Pero su auge vino de mano del crecimiento del mundo audiovisual y de la popularización del vinilo como formato sonoro, con la proliferación de programas de radio y televisión, en las décadas de 1960 y 1970, especialmente en Europa. Tomando el ejemplo de De Wolfe, sellos italianos, franceses o alemanes, pero sobre todo británicos, como KPM o Bruton Music, tuvieron una febril actividad en este campo, publicando una gran cantidad de referencias e inundando el mercado con una variada gama de posibilidades de ambientación sonora.

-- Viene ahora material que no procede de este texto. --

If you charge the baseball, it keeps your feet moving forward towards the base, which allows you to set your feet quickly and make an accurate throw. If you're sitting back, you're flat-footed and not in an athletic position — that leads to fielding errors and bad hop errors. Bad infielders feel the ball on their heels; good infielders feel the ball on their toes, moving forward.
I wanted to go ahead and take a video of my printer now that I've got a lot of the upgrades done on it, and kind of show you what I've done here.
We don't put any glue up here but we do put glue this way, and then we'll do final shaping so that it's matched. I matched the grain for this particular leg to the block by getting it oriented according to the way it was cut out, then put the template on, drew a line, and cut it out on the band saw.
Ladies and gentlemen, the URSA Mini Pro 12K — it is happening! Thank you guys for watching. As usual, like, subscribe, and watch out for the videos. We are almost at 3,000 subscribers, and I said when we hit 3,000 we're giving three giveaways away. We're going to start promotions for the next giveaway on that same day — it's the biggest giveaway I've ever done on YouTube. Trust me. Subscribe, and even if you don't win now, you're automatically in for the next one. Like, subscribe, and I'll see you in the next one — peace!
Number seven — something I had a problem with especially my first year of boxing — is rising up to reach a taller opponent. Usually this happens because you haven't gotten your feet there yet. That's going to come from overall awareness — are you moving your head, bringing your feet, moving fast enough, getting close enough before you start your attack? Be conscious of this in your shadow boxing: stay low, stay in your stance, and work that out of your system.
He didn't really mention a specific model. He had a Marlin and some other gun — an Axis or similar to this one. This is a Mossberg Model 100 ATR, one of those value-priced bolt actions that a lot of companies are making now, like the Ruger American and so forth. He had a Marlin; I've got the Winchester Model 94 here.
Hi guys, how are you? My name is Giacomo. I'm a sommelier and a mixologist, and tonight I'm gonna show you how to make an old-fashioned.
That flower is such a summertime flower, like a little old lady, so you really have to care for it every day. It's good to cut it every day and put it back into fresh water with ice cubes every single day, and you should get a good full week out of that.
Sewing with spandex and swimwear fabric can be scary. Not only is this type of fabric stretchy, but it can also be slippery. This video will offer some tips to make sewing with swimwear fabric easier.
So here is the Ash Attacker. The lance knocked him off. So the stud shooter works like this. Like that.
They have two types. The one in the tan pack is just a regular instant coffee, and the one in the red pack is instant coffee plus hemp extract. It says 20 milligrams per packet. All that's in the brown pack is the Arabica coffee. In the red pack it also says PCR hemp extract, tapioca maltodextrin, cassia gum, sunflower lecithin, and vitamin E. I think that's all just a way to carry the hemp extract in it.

En el momento actual, las librerías musicales siguen teniendo su nicho de mercado y sus seguidores, en dos am­plios ámbitos: el coleccionismo musical y el diggin’, y el medio digital. Desde estilos musicales que usan el sampleo como seña de identidad, como el hip hop o la electrónica, los vinilos de la era clásica de las librerías se han convertido en objetos de deseo para DJ y productores, siempre atentos a la caza de muestreos estimulantes para usar en sus composiciones; pero también se cotizan, a veces a precios excesivamente elevados, entre cazadores de tesoros sonoros en formato plástico. Pero la era Internet no ha acabado con las librerías, como podría pensarse a prio­ri, sino que las ha implementado y las ha he­cho crecer en oferta y diversidad sonora. Lejos del formato físico, las librerías del siglo xxi son una fuente casi inacabable de melodías musicales, con el mismo espíritu y funcionalidad que las clásicas, pero con la ventaja de su accesibilidad y disponibilidad casi inmediatas.

Las verdaderas razones que llevan a un productor audiovisual a usar música de librería son económicas y prácticas. Una canción puede tener repartidos sus derechos de uso y reproducción entre su autor, su intérprete, el sello discográfico y la distribuidora, con lo que conseguir hacerse con su licencia puede acabar convirtiéndose en una aventura legal de incierto resultado y costosa económicamente. En cambio, con la música de librería todo es mucho más fácil a efectos legales, de costes y, además, ya está creada con la intención de que sea usada en proyectos audiovisuales. Los discos de librería poseen todos los derechos de autor asociados a esta y pueden ser licenciadas sin que el compositor original tenga que dar el permiso para su uso, porque ya lo cedió en el momento de cobrar su trabajo para la librería en cuestión.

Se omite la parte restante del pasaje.